■ Input data:

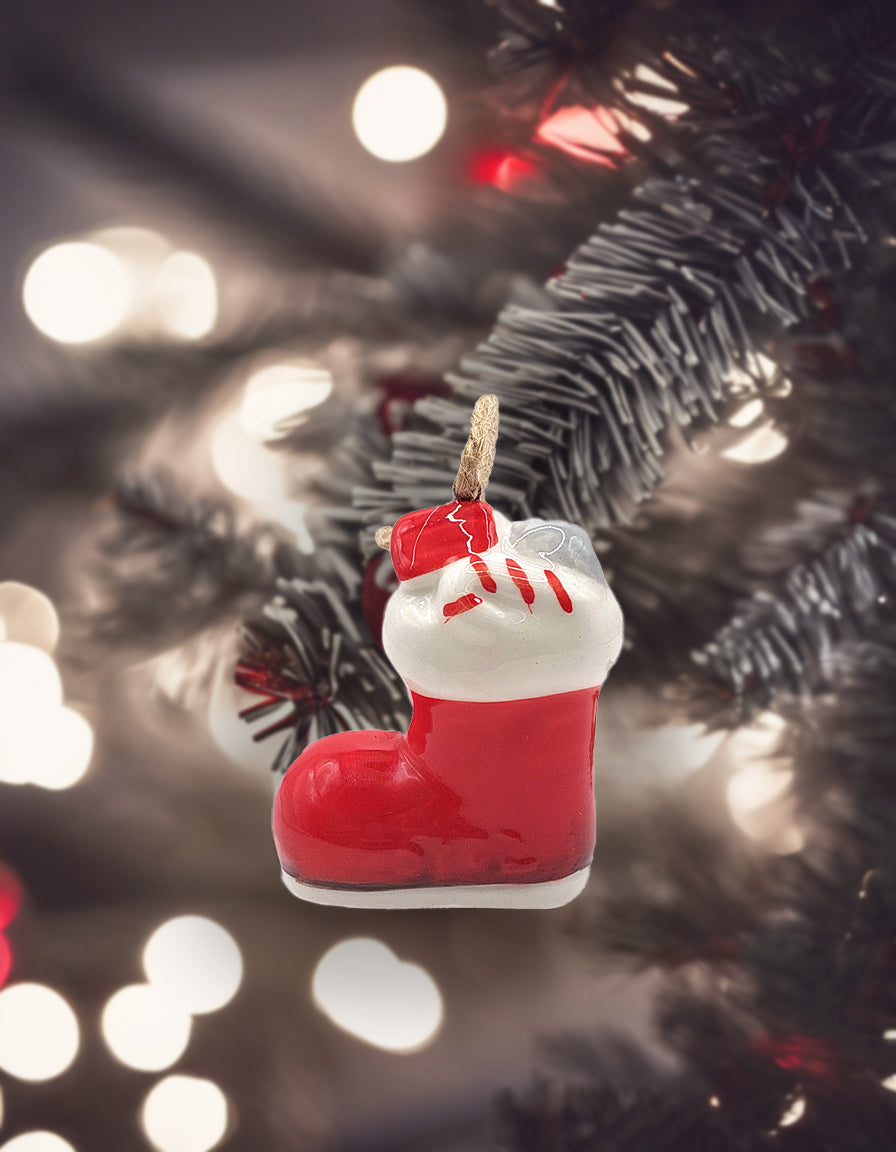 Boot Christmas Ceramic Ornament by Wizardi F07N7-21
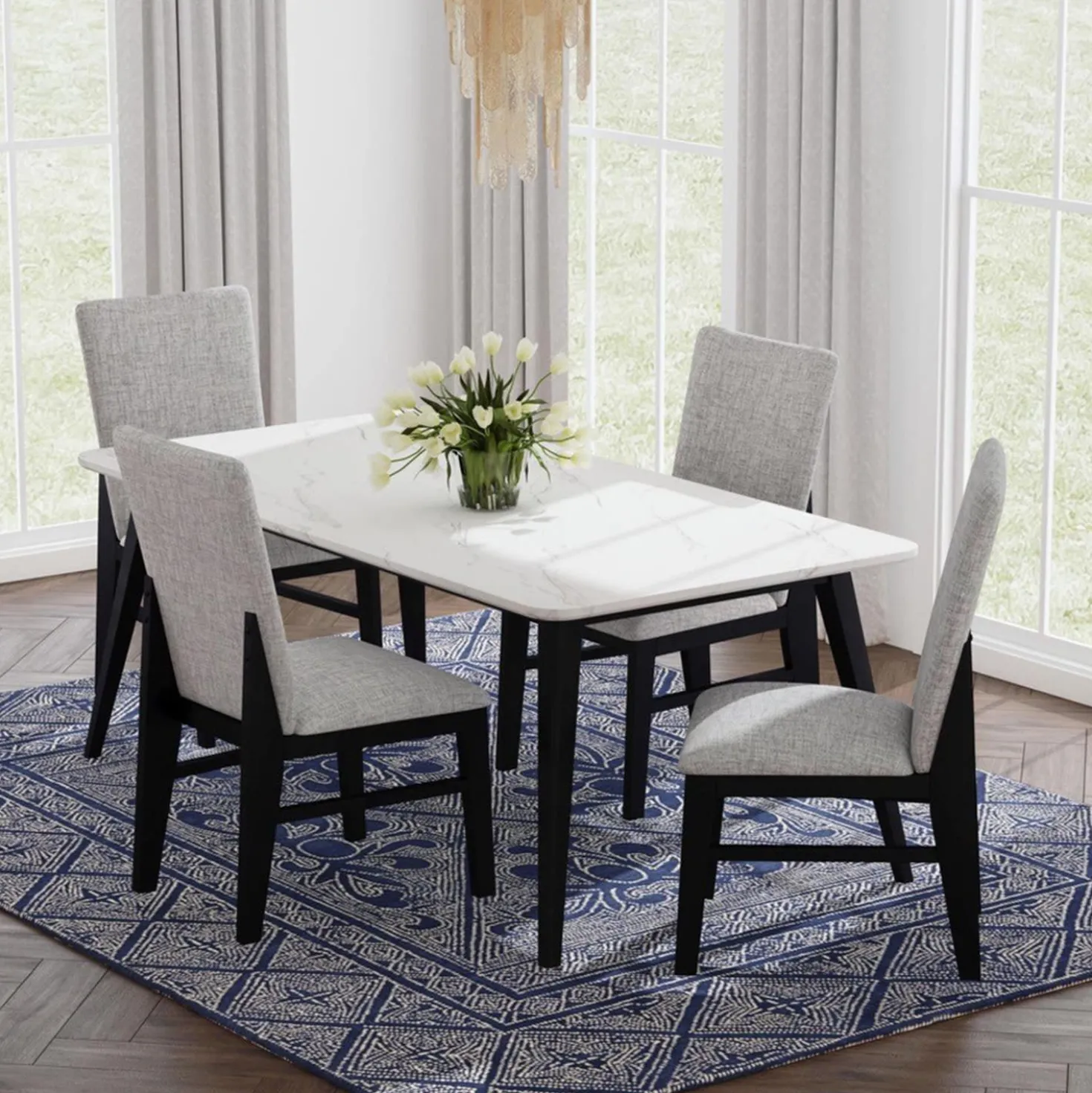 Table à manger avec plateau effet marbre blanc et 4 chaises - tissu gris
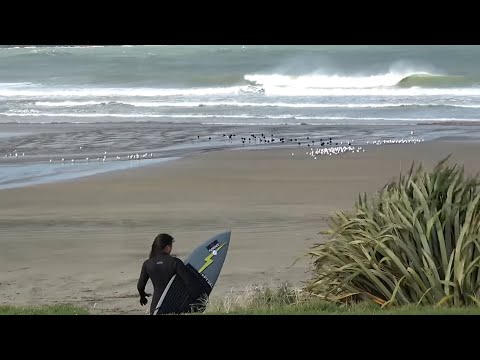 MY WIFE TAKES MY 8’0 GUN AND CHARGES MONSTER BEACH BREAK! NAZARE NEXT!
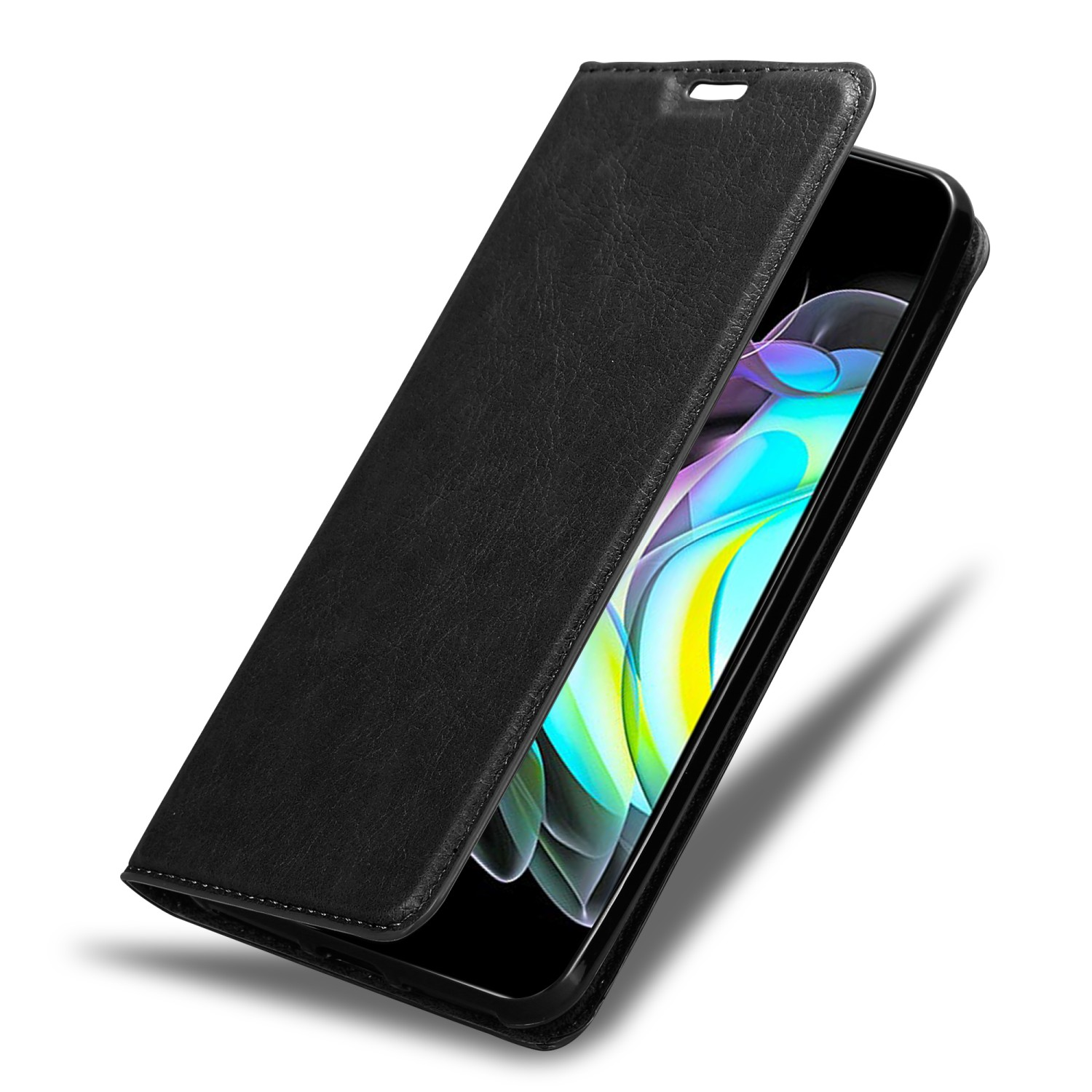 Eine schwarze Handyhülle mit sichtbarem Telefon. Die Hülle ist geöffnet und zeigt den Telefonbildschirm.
...
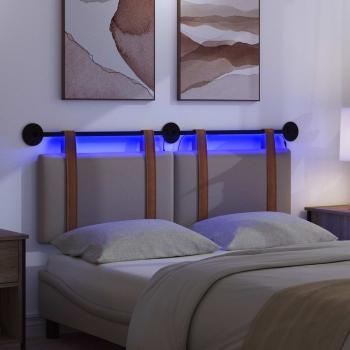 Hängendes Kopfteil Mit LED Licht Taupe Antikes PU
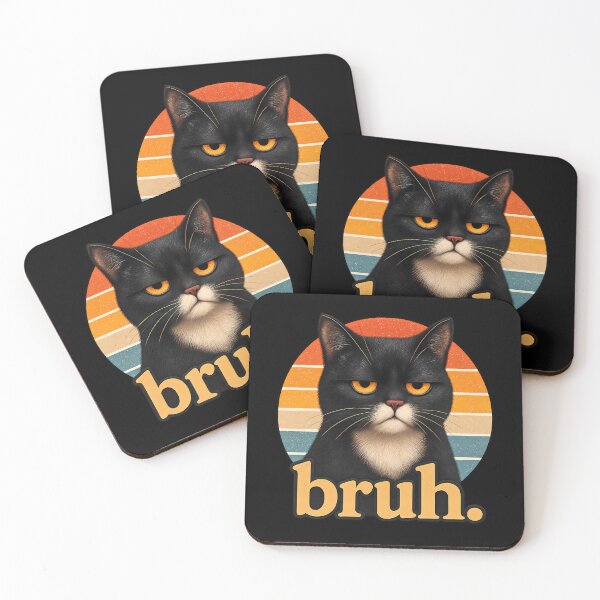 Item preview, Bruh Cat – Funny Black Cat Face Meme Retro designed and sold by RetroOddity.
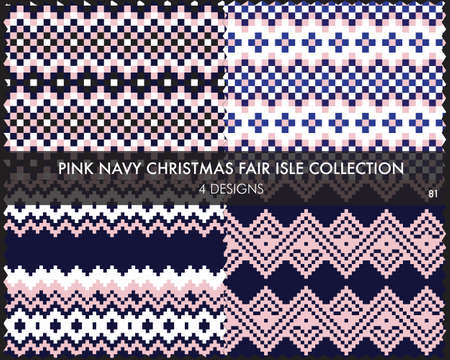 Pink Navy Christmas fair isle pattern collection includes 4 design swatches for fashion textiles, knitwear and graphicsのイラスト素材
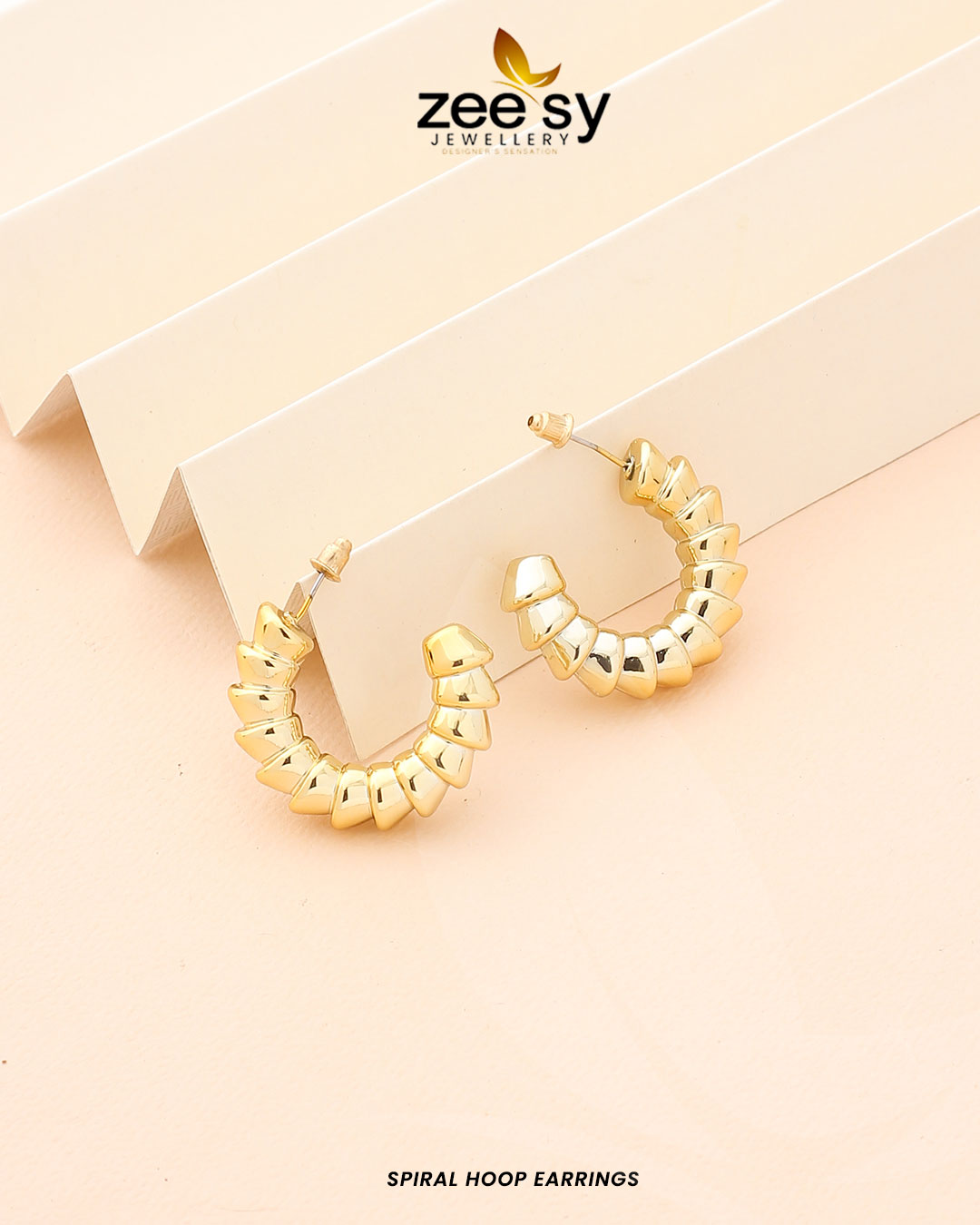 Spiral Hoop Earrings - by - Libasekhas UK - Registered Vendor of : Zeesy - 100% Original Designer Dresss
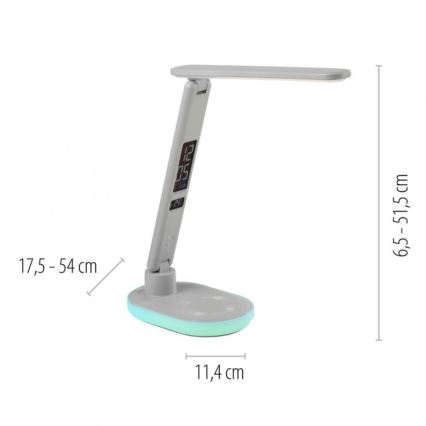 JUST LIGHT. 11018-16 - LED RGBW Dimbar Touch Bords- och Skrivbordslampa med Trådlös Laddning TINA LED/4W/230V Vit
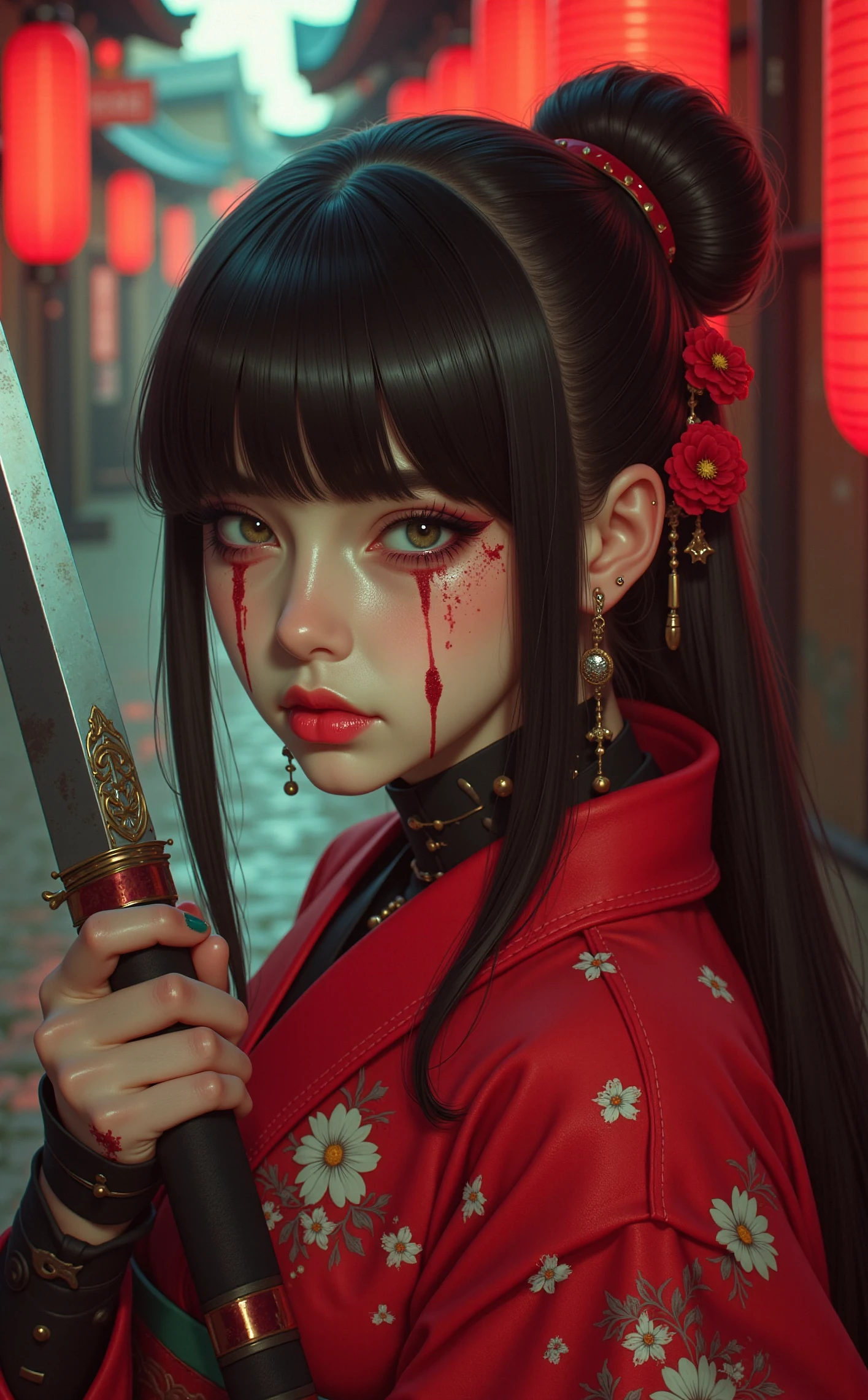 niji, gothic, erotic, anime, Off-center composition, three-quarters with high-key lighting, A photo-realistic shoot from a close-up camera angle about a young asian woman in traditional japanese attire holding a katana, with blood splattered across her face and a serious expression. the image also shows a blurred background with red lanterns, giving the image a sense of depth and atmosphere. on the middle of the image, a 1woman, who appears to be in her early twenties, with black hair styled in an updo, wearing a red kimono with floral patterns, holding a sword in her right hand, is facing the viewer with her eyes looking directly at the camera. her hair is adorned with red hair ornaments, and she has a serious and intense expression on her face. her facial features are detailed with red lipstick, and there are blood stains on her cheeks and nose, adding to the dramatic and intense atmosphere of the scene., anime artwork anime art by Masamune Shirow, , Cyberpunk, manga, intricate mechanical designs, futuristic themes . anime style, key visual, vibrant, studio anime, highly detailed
* * *
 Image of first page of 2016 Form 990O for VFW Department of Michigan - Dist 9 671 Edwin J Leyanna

■ Problem to solve: Go to the line above that contains "Boot Christmas Ceramic" and reproduce everything exactly from there through the line that contains "Eine schwarze Handyhülle", leaving out the pictures.

■ Answer to this task:
 Boot Christmas Ceramic Ornament by Wizardi F07N7-21
 Table à manger avec plateau effet marbre blanc et 4 chaises - tissu gris
 MY WIFE TAKES MY 8’0 GUN AND CHARGES MONSTER BEACH BREAK! NAZARE NEXT!
 Eine schwarze Handyhülle mit sichtbarem Telefon. Die Hülle ist geöffnet und zeigt den Telefonbildschirm.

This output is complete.